Dread churned in the pit of her stomach. “And you want me to help you draw up those magical artifacts why, exactly?”
“To defeat Odessa and get it back.”
“And then?” Taryn croaked, sensing his final intent.
“Burn the witch community to the ground.”
Her stomach bottomed out. “But I’m a witch.”
“You’re the exception, love.”
There would need to be an obscene number more exceptions if he wanted her cooperation. Picturing Fintan’s bedroom, she closed her eyes to teleport. Ardghal’s steel bands encircled her and held her in place.
“I can’t let you leave. Not before you understand.”
“I’ll never understand!” she shouted, viciously shoving his marble-carved chest.
He didn’t budge, and the only thing she gained was a tweaked wrist.
“Elizab—”
“ Taryn . Taryn Stephens, not Elizabeth!” she snapped.
“Okay, Taryn-Taryn it is.”
Her heart pinged. “No! You don’t get to use Fintan’s endearments. You return him to me, right now. If you don’t, I’ll blow up this fucking grotto with you in it!”
Clapping sounded from across the pool. “Here, here, you feisty girl!”
“Odessa,” Ardghal hissed under his breath. He released Taryn and swept her behind him to face Fintan’s aunt.
“Teleport to your Aether and do it immediately,” he told Taryn through their bond. “She’ll kill you if you don’t.”
“I’ll kill her if she does,” Odessa replied aloud.
Taryn almost wet her pants. Either way, her life expectancy was nil, but she’d be damned if she was leaving Fintan.
“Fuck,” she muttered.
“My thoughts exactly,” Ardghal murmured. “If it counts for anything, Fintan is voting for you to escape, love.”
“He’s not the boss of me.”
Other than a snort, he didn’t reply.
“Bloodstone, am I correct you’ve returned for good?” Odessa purred as she sauntered around the pool’s edge. “It’s why the necklace drew me here tonight, by the way.
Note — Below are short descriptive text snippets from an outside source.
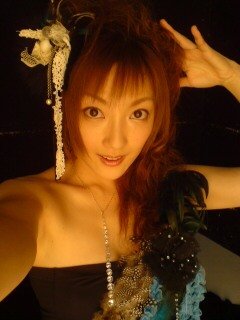 山田玛利亚照片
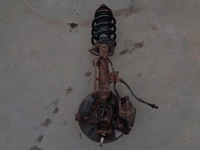 фото thumb №5, Амортизационная стойка поворотный кулак freemont journey 2.4 16v левый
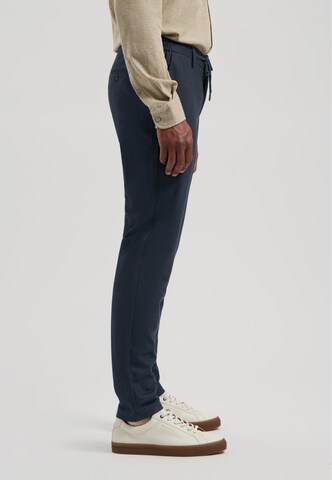 Dstrezzed Normální Kalhoty – modrá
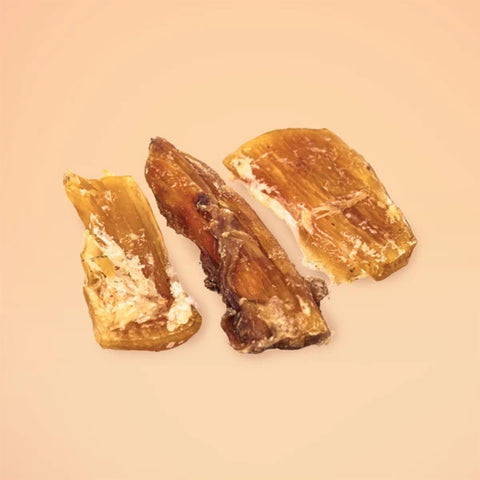 Dewkes Beefy Sticks Dog Treats 340g 100% Beef Tendon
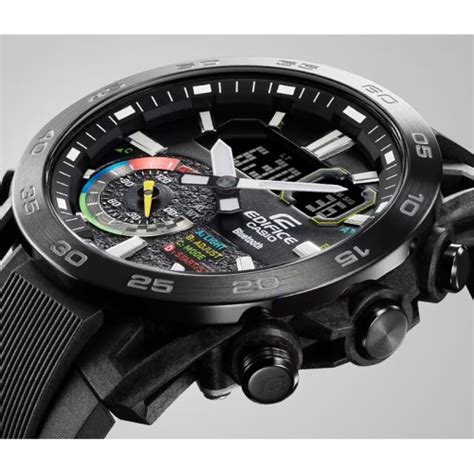 Casio Edifice Bluetooth Ecb Dc Aef Watch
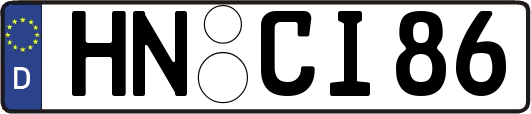 HN-CI86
It sensed your magic.”
“Well, it is mine. I’d be much obliged if you returned it,” he said, as if they were chums instead of foes.
Odessa’s laugh rang out, but there was no real humor in it.
“Okay, we’re in harmony,” Taryn said in a low voice. “Do what you need to get your weapons from the grotto.”
The sigils lit, catching Odessa’s attention. She frowned. “Your journal hinted at a treasure, but never stated the location. I suspect this pool was charmed by you?”
“You assumed correctly,” he replied. Putting a hand behind him, he pressed Taryn backward as he retreated a step for each of Odessa’s. “Far enough, woman.”
“Not nearly enough,” the elderly Sullivan boomed as she began the metamorphosis from human to beast.
Having anticipated her action, Ardghal dragged Taryn against him and clamped his hands over her ears. “Muteion!” The single-word spell was foreign, but she recognized its immediate effect as a gel substance filled and cushioned her ear canals like high-quality earplugs.
Odessa’s banshee-like cry was bone-chilling, and the unholy wail ricocheted off the cavern walls, haunting and unrelenting. Ardghal’s quick thinking had saved Taryn from ruptured eardrums, but she didn’t have the wits left to thank him. What came next was a morbidly captivating nightmare. One moment, Odessa was a cane-wielding crone dripping arrogance. The next, she towered at seven feet, all hellfire, hunger, and fully awakened Succubus cloaked in deathly allure.